Sunday, June 2, 2019

Genesis 11.1-9: Talk and Tools

You might even have been able to hear them singing as they were building:
The more we get together, together, together
The more we get together the happier we'll be
But not everyone was happier with everybody getting together to build a tower to heaven. So language was confused (Genesis 11:1-9). No one could understand each other any more and building slowed. Slowed. And ultimately stopped. The tower was left to the ravages of time as surely as Ozymandias' vast and trunkless legs. Look on my works, ye Mighty, and despair! Perhaps the tower builders didn't know the story of Adam and Eve, whose lives were changed when they sought to be like God. Perhaps they knew but believed that their story would be different. 

Perhaps that's just human nature - to want to leave works and legacies and reminders that you walked the earth. That you were here. Pieter Bruegel saw the tendency in 16th-century Antwerp (Belgium). He paired the commercial development and urban sprawl of Antwerp with the Biblical story of the tower of Babel. 

The artist was commissioned to create several documentary paintings of the construction of a canal in Antwerp, so he put his learnings about construction to work in this large composition (approximately 45" x 61"). On the tower you'll see workers pulling boards up by ropes, horses pulling sleds piled with bags of something, workshops for creating building materials and tools, stonecarvers picking away at rock, ladders leaning against walls and boards spanning chasms.

The tower is based at least in part on the Colosseum in Rome, which at the time Bruegel painted was an abandoned and weed-covered ruin. Bruegel was making the point that what the Romans considered a masterpiece of engineering and architecture was now nothing to brag about. Perhaps the same fate awaited Antwerp's great plans for building and expansion. 
Pieter Bruegel. Tower of Babel. 1563. Vienna: Kunsthistoriches Museum. 
Google Art Project allows a really close zoom onto the details of this painting. Click here.
At the lower left, Nimrod has come to check the progress of his tower. Some of the stone cutters have stopped their work, bowing down to the king. One of the cutters has abandoned his tools on top of the stone on which he was working. But he has left the handle of the hammer and several of the spikes facing toward us. All we have to do is walk into the picture, pick up our tools, and help build this remarkable tower. 

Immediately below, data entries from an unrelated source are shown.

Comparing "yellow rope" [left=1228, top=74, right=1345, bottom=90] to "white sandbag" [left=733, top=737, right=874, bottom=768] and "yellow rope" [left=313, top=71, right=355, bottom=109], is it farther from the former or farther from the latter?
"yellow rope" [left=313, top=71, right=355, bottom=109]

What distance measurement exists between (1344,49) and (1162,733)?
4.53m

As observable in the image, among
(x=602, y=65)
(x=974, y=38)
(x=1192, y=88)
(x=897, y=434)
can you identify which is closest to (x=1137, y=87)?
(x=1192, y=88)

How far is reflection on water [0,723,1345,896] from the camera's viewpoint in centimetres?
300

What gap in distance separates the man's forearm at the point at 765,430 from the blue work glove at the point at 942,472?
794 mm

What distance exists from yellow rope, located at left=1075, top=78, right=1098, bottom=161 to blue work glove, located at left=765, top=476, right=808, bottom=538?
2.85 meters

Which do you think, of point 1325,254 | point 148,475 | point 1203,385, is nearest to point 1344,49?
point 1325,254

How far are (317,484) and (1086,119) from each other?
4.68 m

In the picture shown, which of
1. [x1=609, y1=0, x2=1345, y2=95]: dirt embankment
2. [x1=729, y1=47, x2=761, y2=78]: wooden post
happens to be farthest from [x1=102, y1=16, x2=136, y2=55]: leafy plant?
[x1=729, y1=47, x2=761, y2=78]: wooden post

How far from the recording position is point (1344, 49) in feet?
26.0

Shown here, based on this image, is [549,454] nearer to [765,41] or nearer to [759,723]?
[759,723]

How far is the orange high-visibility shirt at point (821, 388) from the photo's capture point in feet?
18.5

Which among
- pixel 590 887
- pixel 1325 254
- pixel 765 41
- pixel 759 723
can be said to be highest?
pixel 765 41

Should we? Should we have walked in and picked up those tools if we were in the Biblical story? Should we have done that if we lived in Bruegel's 16th-century Antwerp? What about now? Should we pick up those tools and go to work with people we may not understand? Human language is never unconfused. The miracle of Pentecost isn't one of speech. It's one of hearing: each one heard their own language (Acts 2:6). The Holy Spirit facilitated hearing. The problem of communication remains.

Bruegel created a second (larger!) version of this subject. Look at Art&Faith Matters on Facebook to see what differences you can see.

For additional thoughts on Pentecost, click herehere, here, or here.

Cultural aside: Is it just me...or does the Bruegel painting look more than a little like Minas Tirith in the Peter Jackson Lord of the Rings movies? The source of that structure is supposedly Mont St. Michel, but it feels at least a little bit Bruegel to me.